By Benjamin M. Haber
One need not be surprised. U.S. Rep. Joe Crowley (D-Jackson Heights) and City Council members Karen Koslowitz (D-Forest Hills), Julissa Ferreras-Copeland (D-East Elmhurst) and Peter Koo (D-Flushing) support allowing private for-profit companies to use Flushing Meadows Corona Park for music events that will require paid admissions.
These individuals haven’t the slightest notion concerning the importance of urban parks and FMCP in particular. They treat FMCP as real estate to be sold off to the highest bidder and the little people who need and use the park should be content to spend their free time sitting on the sidewalk in front of their places of residence.
Over 100 years ago, Frederick Law Olmstead, the genius who created Central Park and Prospect Park in this city and important parks elsewhere said:
“The survival of our park system requires the exclusion from its management of real estate dealers and politicians and that the first duty of our park trustees is to hand down from one generation to the next the treasure of scenery which the city has placed in their care.”

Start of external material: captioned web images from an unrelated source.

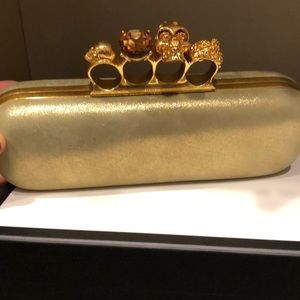 Alexander McQueen clutch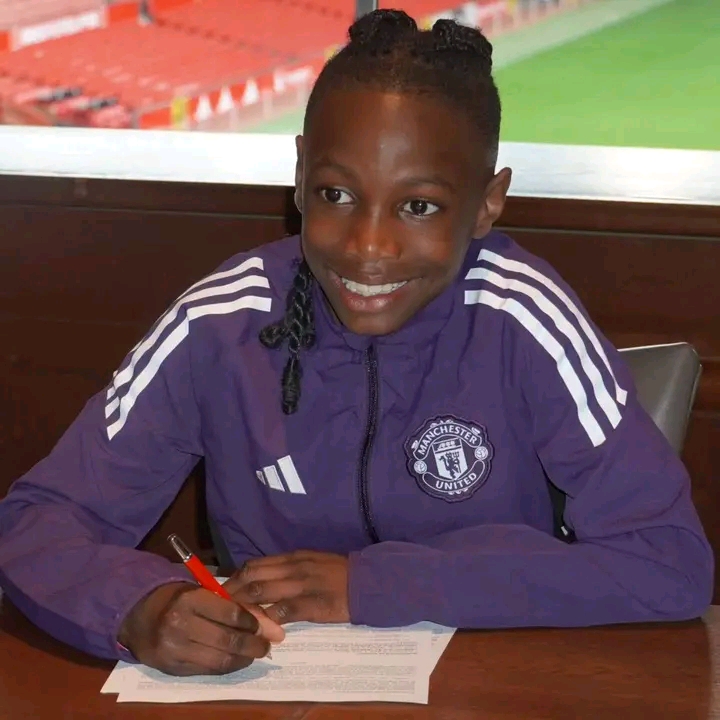 Nigerian Talent Goshen Ishicheli Joins Manchester United Academy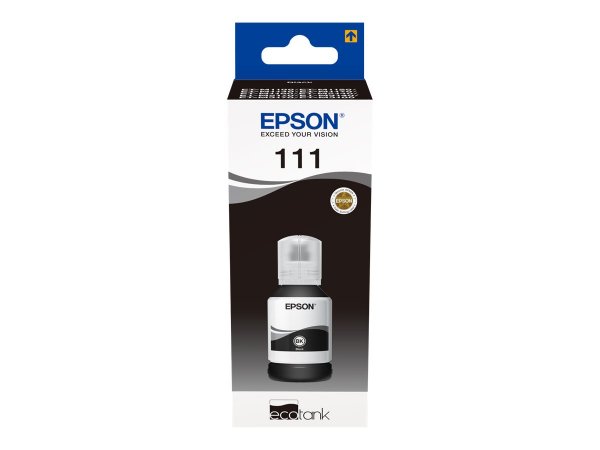 Epson 111 EcoTank Pigment black ink bottle - Inchiostro colorato - 1 pz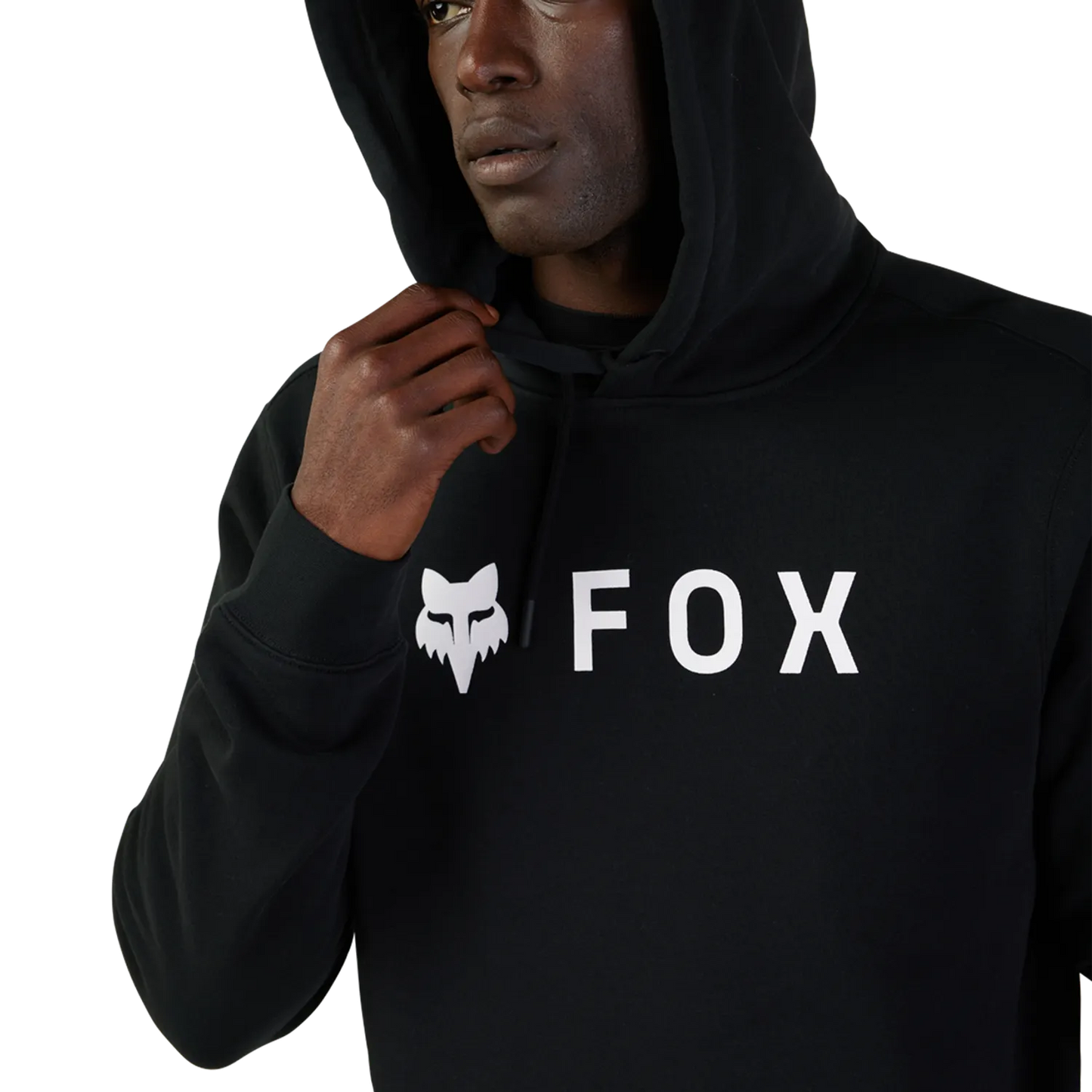 Casaco com capuz FOX ABSOLUTE FLEECE Preto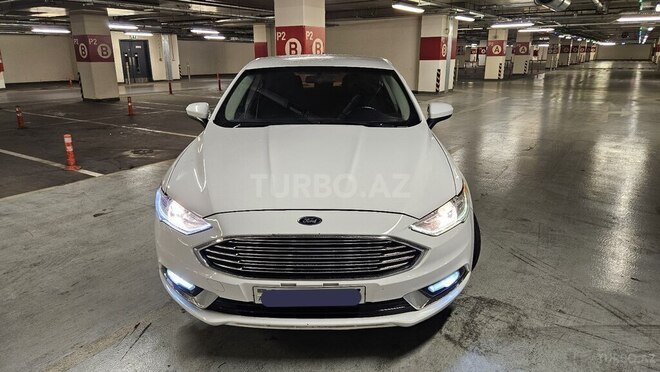Ford Fusion (North America) 2017, 147,000 km - 1.5 l - Bakı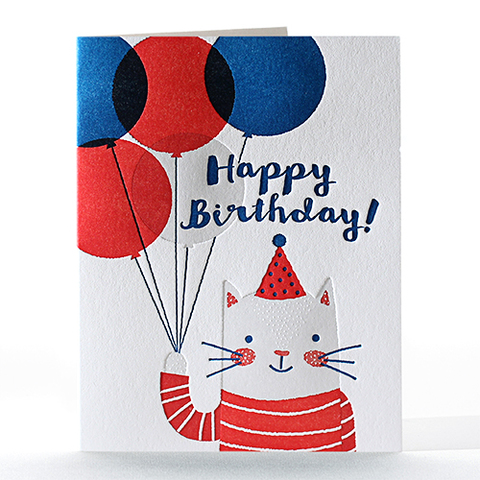Feline Felicitations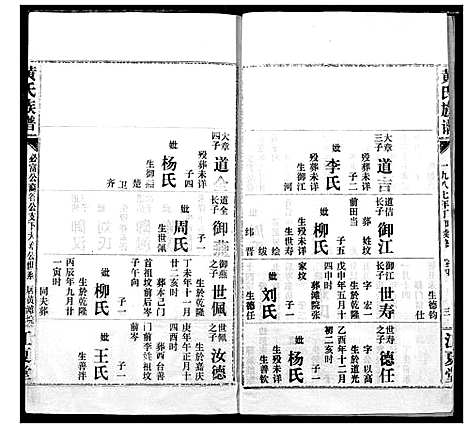 [黄]黄氏族谱 (湖北) 黄氏家谱_三.pdf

Suffice it to say, the vast populations that now occupy our cities, make it clear Mr. Olmstead’s admonition is more pertinent today in requiring even more vigilant protection of our urban parks. It is evident Crowley, Koslowitz, Ferreras-Copeland and Koo do not possess the intellectual ability to understand what Mr. Olmstead was talking about, raising serious questions about their ability to hold public office. Fortunately, term limits will in the near future cause the exit of these City Council members from the City Council. I doubt they will be missed, and hope they will be replaced by a breath of fresh air in an otherwise stolid chamber.